Maximum employment and stable, low inflation benefit all Americans, but are particularly important for low- and moderate-income families. The combination of good job opportunities and stable, low inflation provides purchasing power to fill up gas tanks and grocery carts and pay housing and medical costs, leaving room to build emergency cushions and invest in education; retirement; and, for some, small businesses. Indeed, the Employment Act of 1946 called on the federal government to promote “maximum employment, production, and purchasing power.”3
While national data do not directly disaggregate the differential effects of inflation by household income groups, a variety of evidence suggests that lower-income households disproportionately feel the burden of high inflation. Lower-income families expend a greater share of their income on necessities; have smaller financial cushions; and may have less ability to switch to lower-priced alternatives. Arthur Burns noted in the late 1960s that “there can be little doubt that poor people…are the chief sufferers of inflation.”4
Today, inflation is very high, particularly for food and gasoline. All Americans are confronting higher prices, but the burden is particularly great for households with more limited resources. That is why getting inflation down is our most important task, while sustaining a recovery that includes everyone. This is vital to sustaining the purchasing power of American families.
Whose Cost of Living?
In assessing inflation faced by American consumers, economists and policymakers generally rely on the change in the consumer price index (CPI) or the change in the price index for personal consumption expenditures (PCE).5 Since January 2012, the Committee’s price-stability goal has been specified as a longer-run goal of 2 percent in terms of annual PCE inflation.6 Both CPI and PCE inflation metrics are assembled from a collection of underlying elementary price indexes for narrow subsets of goods and services.7 The price changes each month for the goods and services in these subsets are combined into measures of overall inflation by calculating a weighted average of all these subindexes, where the weights are based on average aggregate consumer expenditures in each category.

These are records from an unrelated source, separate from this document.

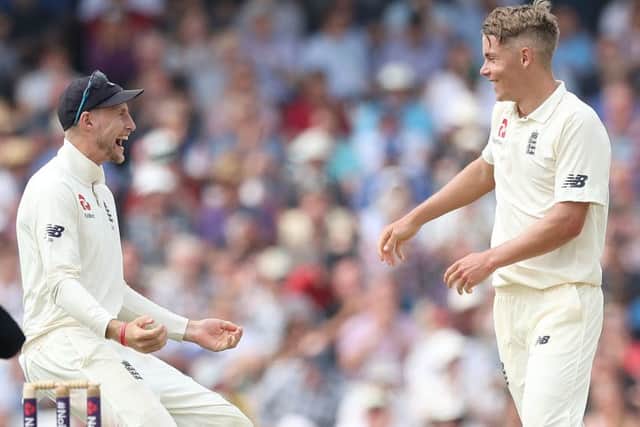 BARGAIN: England's Joe Root and Sam Curran celebrate taking the wicket of Pakistan's Shadab Khan during the recent Test Match at Headingley. Picture: Martin Rickett/PA.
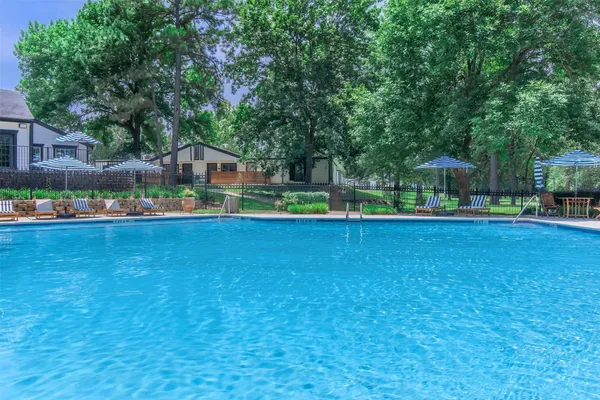 a house view with swimming pool in front of it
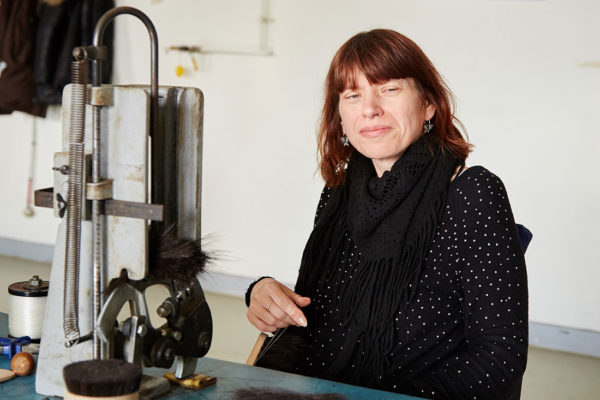 Sehbehinderte Frau sitzt vor Bürstenziehmaschine.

Using a national average of consumer expenditures to weight the categories has intuitive appeal. This measure is particularly useful, for example, in adjusting measures of overall expenditure for changes in prices to determine how much real growth has occurred between two periods. However, using a national average of expenditures to weight the categories has limitations when it comes to representing the true cost of living experienced by different types of households.
U.S. Households Have Different Inflation Experiences
Each household in the United States has a particular consumption bundle whose prices and quantities combine to make up that household’s cost of living. If we could start with each individual household’s cost of living and aggregate across households by giving equal weight to each household, it would create an economy-wide cost-of-living index. The change in such a cost-of-living index would represent the average inflation experienced by U.S. households. Instead, because the CPI and PCE indexes weight every dollar of expenditure equally, these indexes implicitly weight each household’s cost of living proportionally to their total expenditure.8 Since lower-income households represent a relatively smaller share of overall expenditure, the inflation associated with their consumption baskets is underrepresented in the official consumer price indexes.
It would be useful to have data about consumer inflation broken out by demographic groups, similar to labor market and personal-income data, in order to assess the differential effect of inflation across different groups of households.9 U.S. statistical agencies do not collect the information needed to accurately assess inflation at a household level, and it would require a large change in the way these agencies go about their work to do so. Nonetheless, recent research has begun to assess variation in the ways different households experience inflation.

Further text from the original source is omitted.